Atlanta is a higher-priced market in the South with a major metro of 510,823 residents. At a 3.77% estimated cap rate, this is a appreciation-focused market where rents of $1,810/mo lag behind home prices. With a median home price of $375,000 and steady population growth supports long-term rental demand, Atlanta is primarily an appreciation play that requires creative strategies to generate positive cash flow.
Market data powered by Zillow Home Value Index (ZHVI) and Zillow Observed Rent Index (ZORI) · Updated Feb 2026
Atlanta's 0.5% rent-to-price ratio is well below the 1% rule. At median prices of $375,000, the $1,810/mo rent produces only $1,177/mo in NOI. Investors here need to target below-median properties or pursue value-add strategies to make the numbers work.
At current rates, a 20% down conventional loan ($75K at 7%) would result in approximately $-818/mo cash flow — negative at median prices. Larger down payments, seller financing, or buying 15–25% below median are strategies to turn the numbers positive.
The 17.3x gross rent multiplier and 5.3% vacancy rate position Atlanta as a balanced market. With annual appreciation at 3.7%, total returns (cash flow + equity growth) run approximately 7.5% before financing leverage.
Pre-filled with Atlanta medians. Adjust to match a specific property.
Factor in financing to see your actual return on invested capital in Atlanta.
Atlanta, GA has a population of 510,823 and has been growing at 1.3% annually — above the national average, suggesting steady demand pressure on housing. The median home price of $375,000 paired with median rents of $1,810/mo produces an estimated cap rate of 3.77%.

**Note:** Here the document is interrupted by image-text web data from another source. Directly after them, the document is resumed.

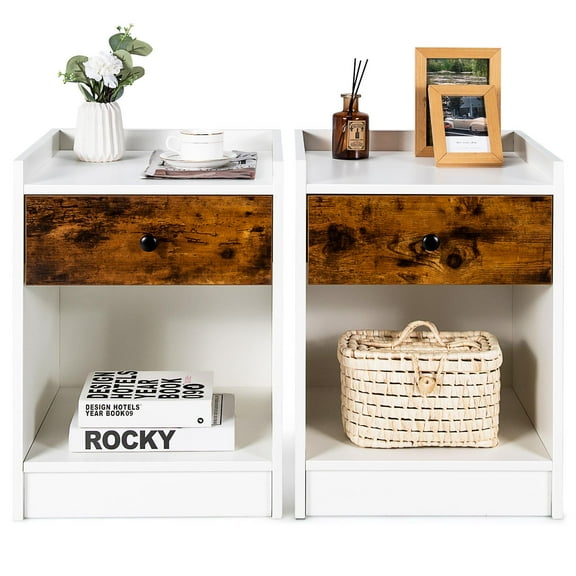 Giantex Set of 2 Nightstand, End Table w/Storage Drawer, Wooden Sofa Bed Side Table for Home & Office, White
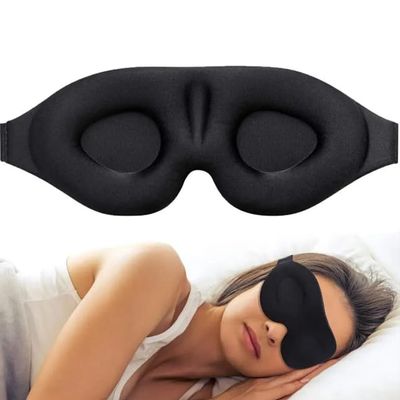 3D Contoured Sleep Mask, Memory Foam Eye Cover with Zero Pressure Design, Black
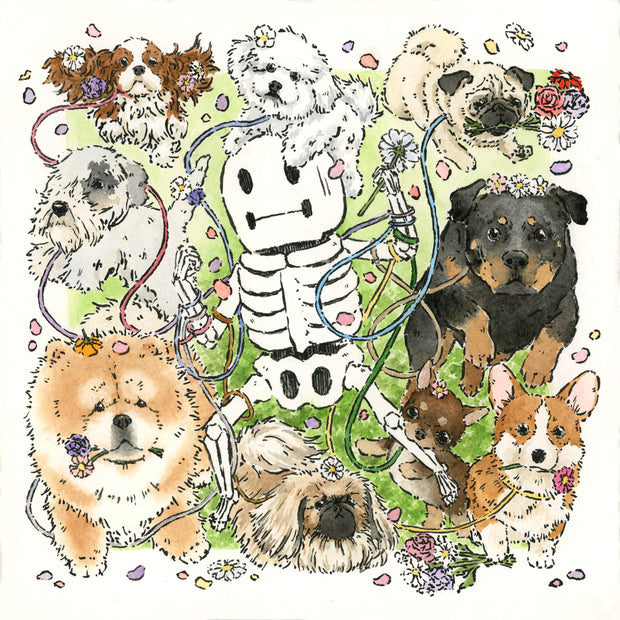 Ink and watercolor painting of a skeleton, with many colorful leashes wrapped all around their arms. Various dogs of different sizes and breeds are all around the skeleton, holding flowers in their mouth.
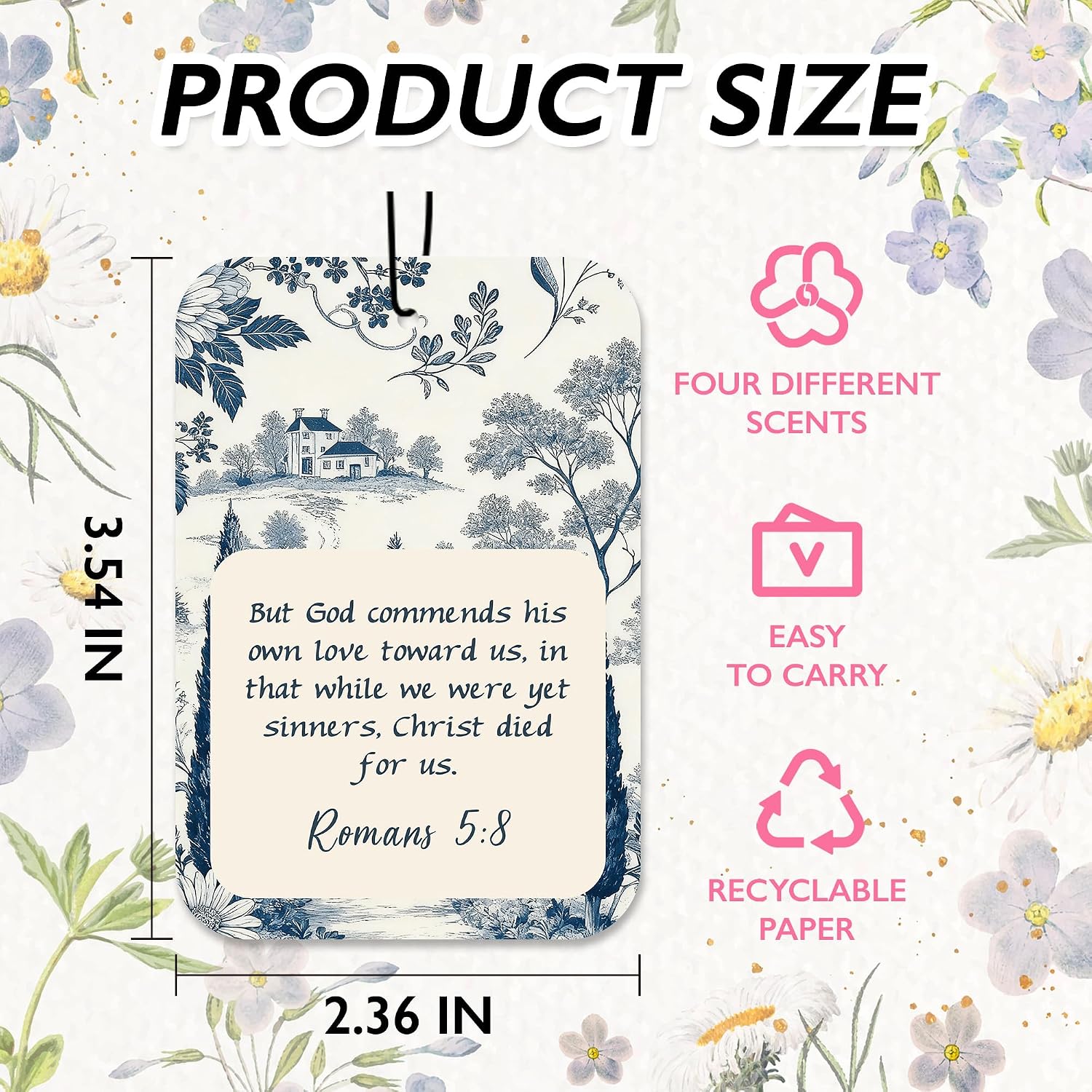 Detalle 2 de LDTFBBWS Christian Air Freshener 4-Pack, Bible Verse Designs, 4 Scents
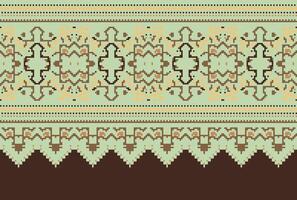 Cross Stitch pattern with Floral Designs. Traditional cross stitch needlework. Geometric Ethnic pattern, Embroidery, Textile ornamentation, fabric, Hand stitched pattern, Cultural stitching pixel art. vector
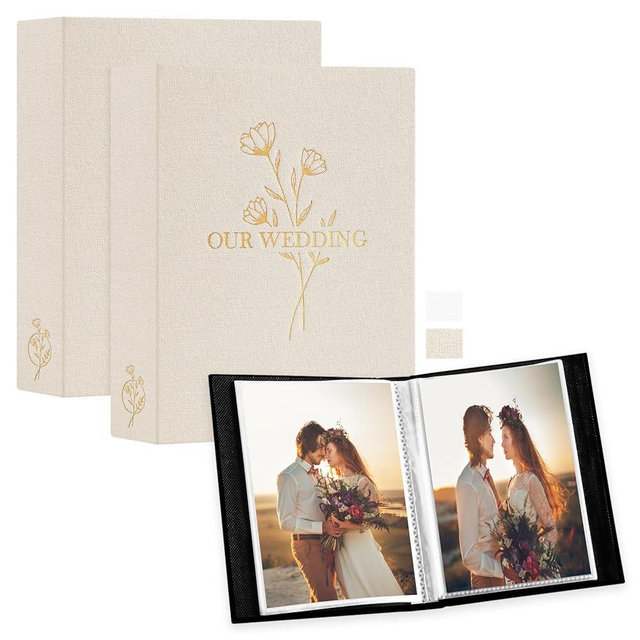 Lanpn Wedding Photo Album 4x6 2 Packs, Each Pack holds 50 Pictures, Slip in Pockets Mini Linen Top Loading Wedding Photo Albums for Portrait Only 4x6 Picture (Flower, Beige)
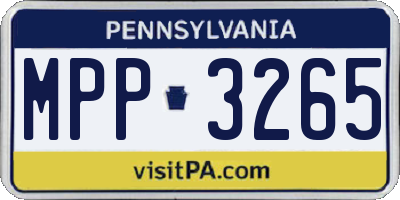PA license plate MPP3265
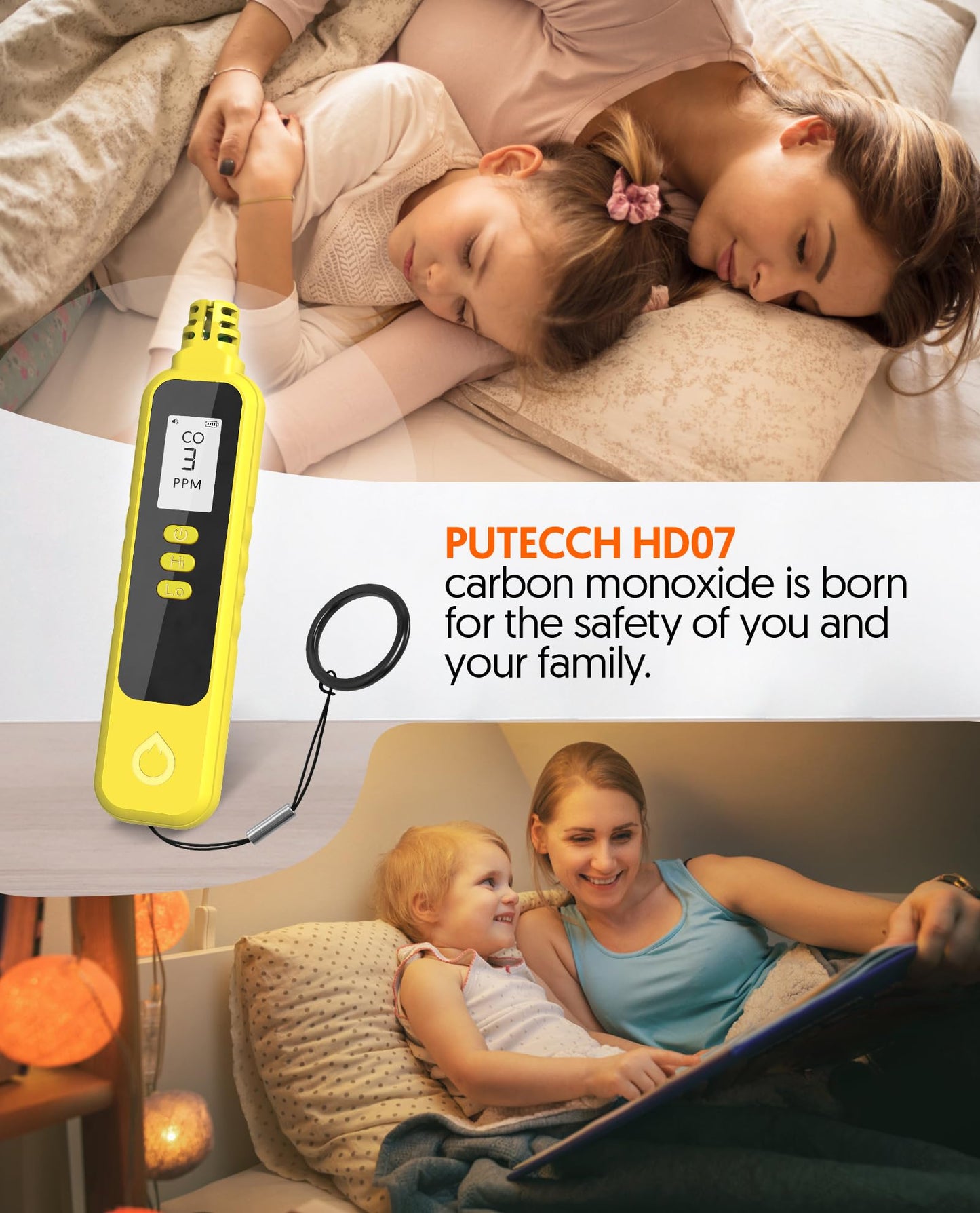 Carbon Monoxide Detectors, Portable CO Detector Battery Powered, Handheld Carbon Monoxide Monitor Alarm Detector with LCD Display for Home/Outdoor/Travel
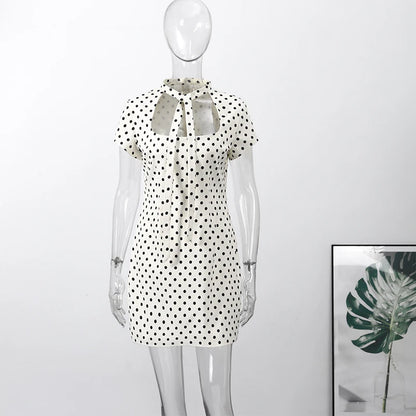 Hollow Out Polka Dot Women Dress with Zipper Closure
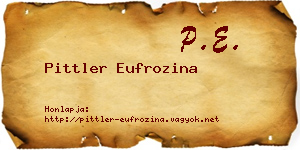 Pittler Eufrozina névjegykártya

Property taxes at 0.92% fall within the national average range and shouldn't present unusual challenges. The vacancy rate of 5.3% is moderate and within normal parameters for a healthy rental market.
At a price-to-income ratio of 5.4x, homes cost about 5.4 times the local median income of $69,800. This moderate ratio indicates a balanced rent-vs-buy market. Home values have appreciated at roughly 3.7% annually. Above-average appreciation adds an equity component to total returns, though deals should still pencil on cash flow alone.
Bottom line: At current median prices, Atlanta is challenging for pure cash flow investing. Consider BRRRR strategies with below-market purchases, or look at neighboring metros with stronger price-to-rent ratios.